# ABOUT THIS TASK
Each record below should be output verbatim, without pictures.

RECORDS FOR THE TASK Start Marker

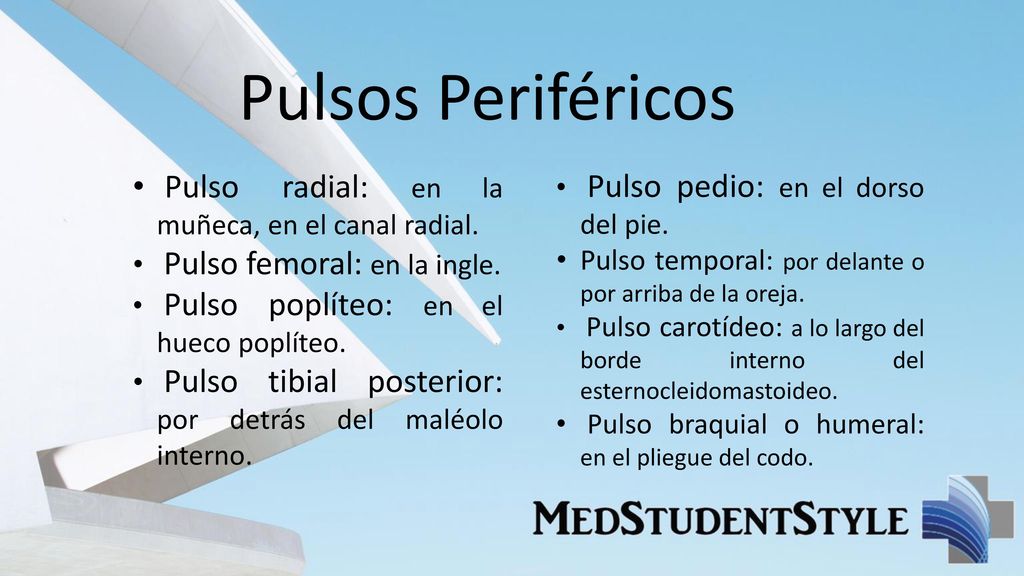 Pulsos Periféricos Pulso radial: en la muñeca, en el canal radial.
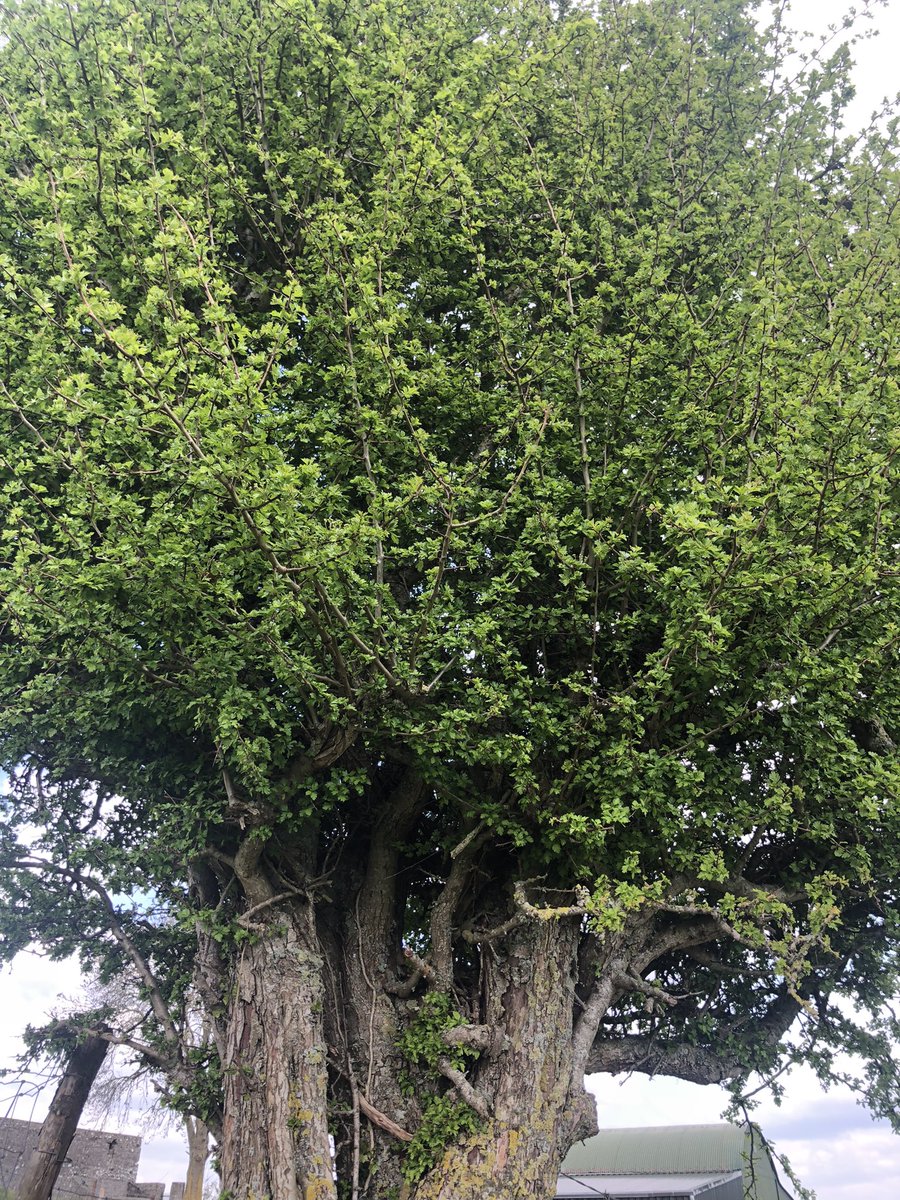 Melstokes_1999's tweet photo. If you plant it it will grow 🌳 #hedgerow #tipperary #nativehedge https://t.co/iFJhVLPuLE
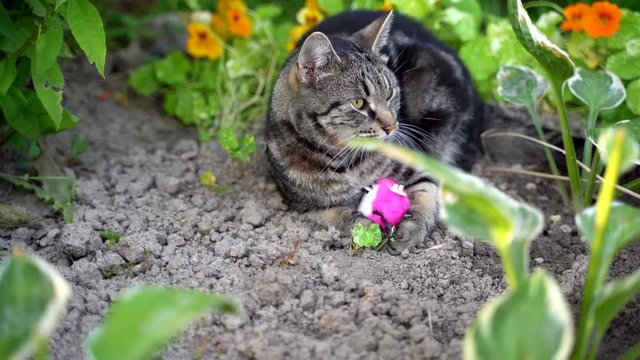 gray tabby cat plays with a clockwork pink mouse in the flowerbed, bright green saturated grass and rolls the mouse on the ground by his paw. Summer  time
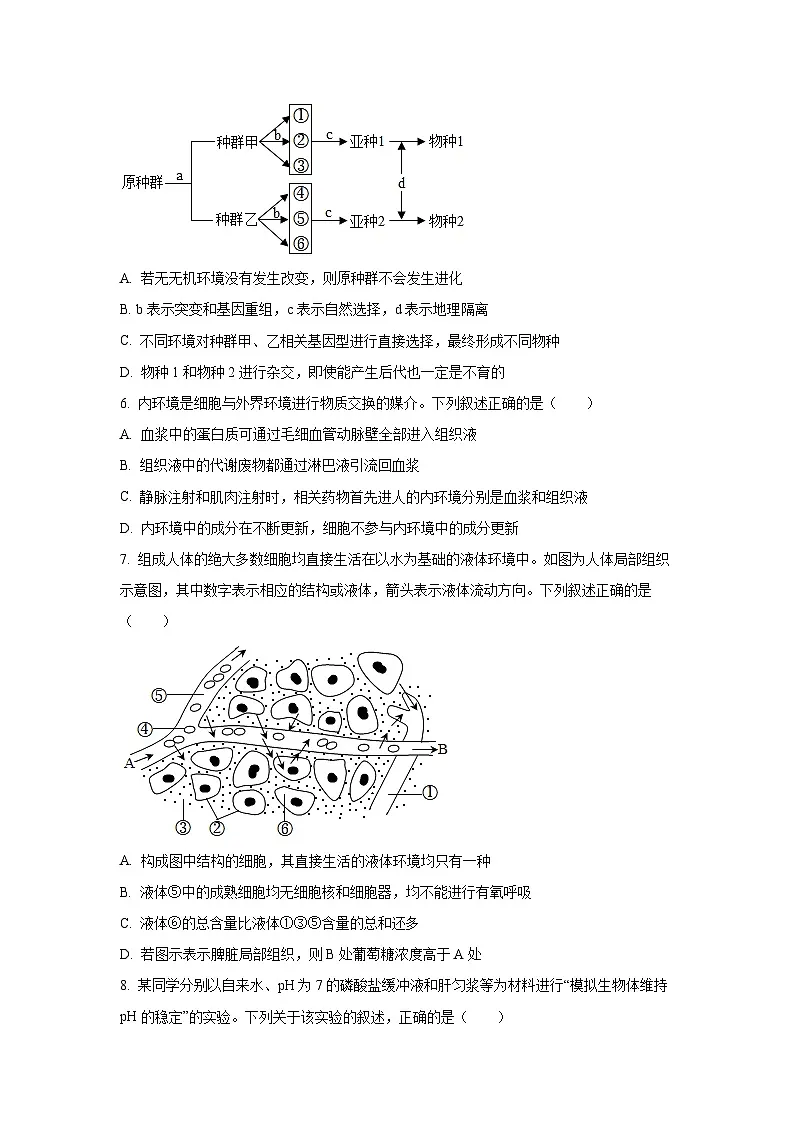 河南省九师联盟2025-2026学年高二上学期10月月考生物试卷（学生版）第3页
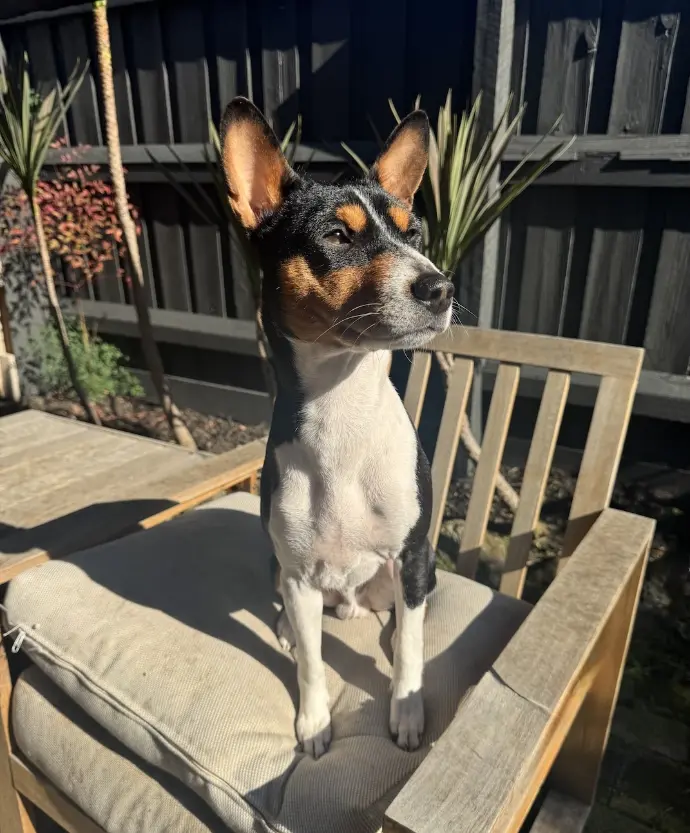 Blade (Redtri Master of Seduction), Basenji stud with classic type and show presence, OFA health cleared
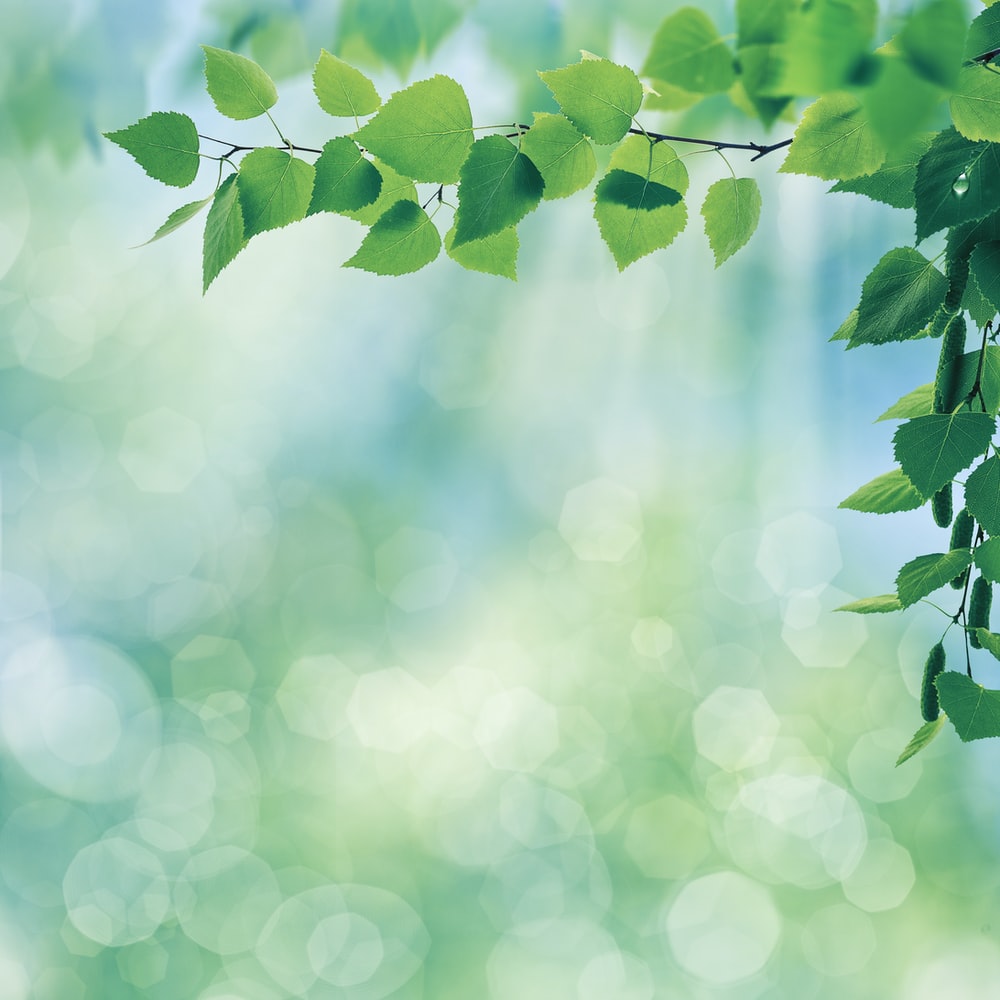 Detail Green Leaf Background Hd Nomer 26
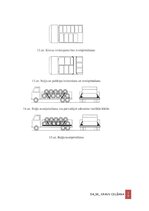 Образец документа 'Darba aizsardzības instrukcija kravu izvietošanai un nostiprināšanai transportlī', 19.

RECORDS FOR THE TASK End Marker

# OUTPUT FOR THIS TASK
 Pulsos Periféricos Pulso radial: en la muñeca, en el canal radial.
 Melstokes_1999's tweet photo. If you plant it it will grow 🌳 #hedgerow #tipperary #nativehedge https://t.co/iFJhVLPuLE
 gray tabby cat plays with a clockwork pink mouse in the flowerbed, bright green saturated grass and rolls the mouse on the ground by his paw. Summer  time
 河南省九师联盟2025-2026学年高二上学期10月月考生物试卷（学生版）第3页
 Blade (Redtri Master of Seduction), Basenji stud with classic type and show presence, OFA health cleared
 Detail Green Leaf Background Hd Nomer 26
 Образец документа 'Darba aizsardzības instrukcija kravu izvietošanai un nostiprināšanai transportlī', 19.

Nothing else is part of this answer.